A lingering question is whether altered sensitivity to nondrug reinforcers in addicted individuals also applies to negative reinforcers such as money loss. Studies in animals show that “addicted” subjects manifest persistent drug seeking even if the drug is associated with receiving an electric shock (Deroche-Gamonet et al. 2004). In humans, hypoactivation in the right ventrolateral PFC in smokers during monetary loss, and in gamblers during monetary gain, has been reported (de Ruiter et al. 2009). Although more studies are clearly needed, the implication of reduced sensitivity to negative reinforcers in addiction has practical implications as, in addition to positive reinforcers (such as vouchers and privileges), negative reinforcers (such as incarceration) are increasingly being used in the management of drug abusers.

Future studies could also help to ascertain whether addicted individuals may resort to taking drugs because they are easily bored, frustrated, angry or fearful, perhaps as a result of altered reward valuation. Low threshold for experiencing any of these emotions, or the inability to sustain goal-directed behavior (e.g., complete a boring task) especially when experiencing these emotions, may be associated with impaired inhibitory control (i.e., enhanced impulsivity). In cocaine-addicted individuals, PFC activity habituates prematurely to repeated presentation of an incentive-sustained attention task (Goldstein et al. 2007c), in the absence of a compensatory response in the dopaminergic midbrain during such mental fatigue (Moeller et al. 2012c), which could be indicative of compromised sustainability of effort and may result in inadequate engagement in treatment activities and relapse.

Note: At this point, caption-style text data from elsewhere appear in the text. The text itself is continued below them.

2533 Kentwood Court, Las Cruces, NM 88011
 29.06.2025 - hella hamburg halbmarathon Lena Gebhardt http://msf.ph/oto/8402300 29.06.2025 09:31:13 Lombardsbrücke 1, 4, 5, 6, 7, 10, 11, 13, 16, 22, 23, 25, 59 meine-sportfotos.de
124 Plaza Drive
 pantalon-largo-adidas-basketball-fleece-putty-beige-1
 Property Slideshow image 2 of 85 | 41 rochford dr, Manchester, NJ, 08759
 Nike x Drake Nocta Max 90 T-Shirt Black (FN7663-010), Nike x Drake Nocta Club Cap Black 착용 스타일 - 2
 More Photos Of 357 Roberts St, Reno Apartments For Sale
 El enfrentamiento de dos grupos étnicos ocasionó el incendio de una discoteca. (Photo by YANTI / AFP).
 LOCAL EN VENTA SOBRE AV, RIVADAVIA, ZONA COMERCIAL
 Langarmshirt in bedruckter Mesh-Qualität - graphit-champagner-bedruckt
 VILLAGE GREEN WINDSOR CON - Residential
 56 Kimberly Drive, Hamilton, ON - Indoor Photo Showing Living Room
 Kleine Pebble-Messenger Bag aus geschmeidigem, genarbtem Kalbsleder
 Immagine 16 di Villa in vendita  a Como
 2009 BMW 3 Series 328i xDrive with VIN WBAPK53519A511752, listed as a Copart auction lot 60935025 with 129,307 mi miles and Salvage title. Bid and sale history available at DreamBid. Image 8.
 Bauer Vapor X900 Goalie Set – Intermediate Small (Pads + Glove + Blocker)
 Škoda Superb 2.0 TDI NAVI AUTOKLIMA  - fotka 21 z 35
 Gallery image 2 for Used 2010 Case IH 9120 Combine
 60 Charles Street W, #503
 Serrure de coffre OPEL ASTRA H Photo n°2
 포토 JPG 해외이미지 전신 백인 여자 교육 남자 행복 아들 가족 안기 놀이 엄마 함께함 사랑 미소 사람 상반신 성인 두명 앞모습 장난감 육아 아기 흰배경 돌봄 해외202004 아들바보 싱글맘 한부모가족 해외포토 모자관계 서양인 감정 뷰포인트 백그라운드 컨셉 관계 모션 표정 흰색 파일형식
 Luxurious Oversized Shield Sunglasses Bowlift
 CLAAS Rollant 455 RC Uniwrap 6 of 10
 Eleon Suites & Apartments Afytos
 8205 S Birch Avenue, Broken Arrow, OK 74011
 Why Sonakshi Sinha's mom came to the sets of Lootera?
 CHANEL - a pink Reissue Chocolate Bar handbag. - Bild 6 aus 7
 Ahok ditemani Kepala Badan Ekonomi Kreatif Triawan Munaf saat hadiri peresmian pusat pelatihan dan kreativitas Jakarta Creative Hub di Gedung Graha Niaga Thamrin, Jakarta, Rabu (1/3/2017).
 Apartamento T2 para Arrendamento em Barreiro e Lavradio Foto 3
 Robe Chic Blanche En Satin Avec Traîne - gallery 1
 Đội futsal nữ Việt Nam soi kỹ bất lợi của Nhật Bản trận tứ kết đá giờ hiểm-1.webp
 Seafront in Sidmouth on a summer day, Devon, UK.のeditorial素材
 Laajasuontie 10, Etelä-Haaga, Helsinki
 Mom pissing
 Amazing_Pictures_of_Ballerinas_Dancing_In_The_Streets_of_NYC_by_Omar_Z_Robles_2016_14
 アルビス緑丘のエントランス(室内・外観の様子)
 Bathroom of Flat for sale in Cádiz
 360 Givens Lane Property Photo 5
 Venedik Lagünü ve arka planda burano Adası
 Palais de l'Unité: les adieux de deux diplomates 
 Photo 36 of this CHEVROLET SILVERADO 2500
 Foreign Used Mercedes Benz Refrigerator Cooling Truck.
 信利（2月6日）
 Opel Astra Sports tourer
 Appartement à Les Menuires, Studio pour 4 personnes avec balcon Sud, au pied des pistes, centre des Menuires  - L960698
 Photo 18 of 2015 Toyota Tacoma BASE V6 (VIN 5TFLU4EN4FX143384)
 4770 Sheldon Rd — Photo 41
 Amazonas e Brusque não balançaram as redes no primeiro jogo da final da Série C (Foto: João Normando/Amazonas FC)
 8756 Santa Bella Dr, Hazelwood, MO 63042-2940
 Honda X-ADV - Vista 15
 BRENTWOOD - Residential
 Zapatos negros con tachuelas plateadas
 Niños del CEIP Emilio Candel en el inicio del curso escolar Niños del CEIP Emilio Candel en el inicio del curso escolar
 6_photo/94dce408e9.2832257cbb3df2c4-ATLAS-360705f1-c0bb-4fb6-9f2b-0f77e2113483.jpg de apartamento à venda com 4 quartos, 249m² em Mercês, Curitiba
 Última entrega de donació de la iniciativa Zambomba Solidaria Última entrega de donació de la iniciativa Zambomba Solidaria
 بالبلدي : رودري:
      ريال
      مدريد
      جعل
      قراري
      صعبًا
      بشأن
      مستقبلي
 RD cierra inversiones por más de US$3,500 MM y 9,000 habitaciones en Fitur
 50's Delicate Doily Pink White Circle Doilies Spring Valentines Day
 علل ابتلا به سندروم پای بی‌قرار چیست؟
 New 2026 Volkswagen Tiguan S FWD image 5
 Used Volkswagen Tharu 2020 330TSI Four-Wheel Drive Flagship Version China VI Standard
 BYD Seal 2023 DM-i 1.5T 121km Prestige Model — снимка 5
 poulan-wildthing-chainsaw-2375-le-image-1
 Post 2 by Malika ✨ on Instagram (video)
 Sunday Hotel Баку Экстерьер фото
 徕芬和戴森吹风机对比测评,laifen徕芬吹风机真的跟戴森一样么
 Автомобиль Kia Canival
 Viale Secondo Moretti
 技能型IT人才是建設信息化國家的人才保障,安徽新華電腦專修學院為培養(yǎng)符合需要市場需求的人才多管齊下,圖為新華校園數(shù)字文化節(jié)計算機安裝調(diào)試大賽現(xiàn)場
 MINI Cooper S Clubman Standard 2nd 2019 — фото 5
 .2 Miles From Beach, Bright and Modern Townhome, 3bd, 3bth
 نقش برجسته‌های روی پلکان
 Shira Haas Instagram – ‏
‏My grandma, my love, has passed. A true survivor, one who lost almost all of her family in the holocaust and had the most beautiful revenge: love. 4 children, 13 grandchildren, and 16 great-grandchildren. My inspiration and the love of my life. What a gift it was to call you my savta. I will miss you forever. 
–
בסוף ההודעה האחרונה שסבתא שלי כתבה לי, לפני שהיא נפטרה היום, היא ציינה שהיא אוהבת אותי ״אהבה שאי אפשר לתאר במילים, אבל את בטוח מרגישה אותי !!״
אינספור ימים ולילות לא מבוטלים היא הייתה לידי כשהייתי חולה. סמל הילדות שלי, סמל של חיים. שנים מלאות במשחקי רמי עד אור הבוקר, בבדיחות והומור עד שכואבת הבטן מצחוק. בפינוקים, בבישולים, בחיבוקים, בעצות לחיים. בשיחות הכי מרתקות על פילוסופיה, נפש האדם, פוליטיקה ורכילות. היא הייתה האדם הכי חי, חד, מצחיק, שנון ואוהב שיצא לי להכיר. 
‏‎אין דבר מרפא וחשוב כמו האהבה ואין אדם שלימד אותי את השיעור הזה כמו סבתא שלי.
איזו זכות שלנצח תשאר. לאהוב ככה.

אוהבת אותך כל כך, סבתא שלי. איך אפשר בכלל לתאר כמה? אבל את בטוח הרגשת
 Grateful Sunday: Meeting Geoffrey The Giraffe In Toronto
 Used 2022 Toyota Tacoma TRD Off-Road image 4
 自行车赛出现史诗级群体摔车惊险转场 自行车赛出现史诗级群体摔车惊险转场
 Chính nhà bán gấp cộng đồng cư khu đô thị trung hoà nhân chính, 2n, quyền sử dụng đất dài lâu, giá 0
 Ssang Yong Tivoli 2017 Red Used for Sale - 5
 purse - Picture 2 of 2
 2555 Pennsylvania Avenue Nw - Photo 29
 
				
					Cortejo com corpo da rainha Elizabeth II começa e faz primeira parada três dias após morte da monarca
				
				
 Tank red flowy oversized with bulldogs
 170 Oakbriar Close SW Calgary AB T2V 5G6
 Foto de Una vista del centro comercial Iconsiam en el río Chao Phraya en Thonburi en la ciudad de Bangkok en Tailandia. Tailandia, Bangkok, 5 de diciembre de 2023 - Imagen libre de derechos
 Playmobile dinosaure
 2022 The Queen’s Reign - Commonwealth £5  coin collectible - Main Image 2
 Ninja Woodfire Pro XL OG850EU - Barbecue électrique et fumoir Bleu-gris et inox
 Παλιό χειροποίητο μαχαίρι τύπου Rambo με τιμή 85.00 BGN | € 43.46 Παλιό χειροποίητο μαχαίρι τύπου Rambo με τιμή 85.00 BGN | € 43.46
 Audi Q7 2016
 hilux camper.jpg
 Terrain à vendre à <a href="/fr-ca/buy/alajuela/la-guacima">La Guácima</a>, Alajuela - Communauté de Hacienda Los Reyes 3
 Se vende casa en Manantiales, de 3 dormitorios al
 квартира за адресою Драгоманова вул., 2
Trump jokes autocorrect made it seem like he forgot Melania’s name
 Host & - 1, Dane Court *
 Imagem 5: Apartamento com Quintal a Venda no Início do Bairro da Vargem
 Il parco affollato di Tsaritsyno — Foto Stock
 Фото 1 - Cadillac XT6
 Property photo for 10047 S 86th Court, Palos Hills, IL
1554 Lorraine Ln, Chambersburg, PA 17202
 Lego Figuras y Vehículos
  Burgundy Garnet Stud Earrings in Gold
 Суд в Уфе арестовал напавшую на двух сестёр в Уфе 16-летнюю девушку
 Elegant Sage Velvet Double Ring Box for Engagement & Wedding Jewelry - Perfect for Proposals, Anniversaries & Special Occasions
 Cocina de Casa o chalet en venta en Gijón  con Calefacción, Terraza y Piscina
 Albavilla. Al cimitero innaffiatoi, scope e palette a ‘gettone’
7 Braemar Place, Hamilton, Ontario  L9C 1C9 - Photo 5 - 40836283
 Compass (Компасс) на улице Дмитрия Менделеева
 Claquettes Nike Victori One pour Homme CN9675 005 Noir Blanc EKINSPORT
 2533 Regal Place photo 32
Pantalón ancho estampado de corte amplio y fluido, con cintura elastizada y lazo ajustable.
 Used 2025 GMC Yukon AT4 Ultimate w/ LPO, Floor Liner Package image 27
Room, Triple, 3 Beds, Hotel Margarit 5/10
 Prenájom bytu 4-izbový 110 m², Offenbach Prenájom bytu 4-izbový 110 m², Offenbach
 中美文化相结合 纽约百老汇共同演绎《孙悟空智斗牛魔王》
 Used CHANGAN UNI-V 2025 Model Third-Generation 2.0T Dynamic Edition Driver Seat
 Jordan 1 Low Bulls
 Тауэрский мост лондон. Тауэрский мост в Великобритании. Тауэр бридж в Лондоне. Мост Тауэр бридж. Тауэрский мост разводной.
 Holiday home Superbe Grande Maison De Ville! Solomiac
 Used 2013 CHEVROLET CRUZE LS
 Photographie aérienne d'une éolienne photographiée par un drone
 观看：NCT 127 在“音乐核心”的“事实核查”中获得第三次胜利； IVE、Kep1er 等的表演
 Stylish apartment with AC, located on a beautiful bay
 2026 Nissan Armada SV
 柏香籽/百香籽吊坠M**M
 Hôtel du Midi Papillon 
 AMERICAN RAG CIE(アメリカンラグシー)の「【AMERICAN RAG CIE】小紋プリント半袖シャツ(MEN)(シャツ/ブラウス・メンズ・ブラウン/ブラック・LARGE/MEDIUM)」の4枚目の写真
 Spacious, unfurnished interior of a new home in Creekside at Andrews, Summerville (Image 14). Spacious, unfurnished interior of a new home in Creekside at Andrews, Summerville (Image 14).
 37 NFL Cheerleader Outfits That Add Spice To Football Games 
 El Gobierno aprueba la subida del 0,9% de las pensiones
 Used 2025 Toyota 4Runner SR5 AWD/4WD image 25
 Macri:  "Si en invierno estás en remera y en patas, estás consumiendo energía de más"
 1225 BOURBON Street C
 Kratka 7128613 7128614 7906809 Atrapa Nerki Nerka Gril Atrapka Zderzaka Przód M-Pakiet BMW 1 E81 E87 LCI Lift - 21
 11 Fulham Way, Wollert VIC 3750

Future studies need to identify the drug-addicted individuals who evidence a compromised sensitivity to nondrug reward for tailored interventions to improve associated cognitive-emotional skills (e.g., attention, response shifting, learning and memory, general value estimations) with the goal of modulating choice behavior such that nondrug rewards would be chosen over drug use. In this quest, one could explore promising new approaches that have been shown to modify behavior and decision-making [e.g., virtual environments and computer games that can acquire persistent motivational properties (McCabe et al. 2009)]. Direct brain stimulation or pharmacological enhancement of the dopaminergically innervated corticolimbic brain regions may also be beneficial, especially if combined with targeted cognitive-behavioral exercises (Goldstein et al. 2010a; Moeller et al. 2012a, c) or in a more sustained fashion during resting state (Konova et al. 2013), for neural rehabilitation purposes (Vinogradov et al. 2011).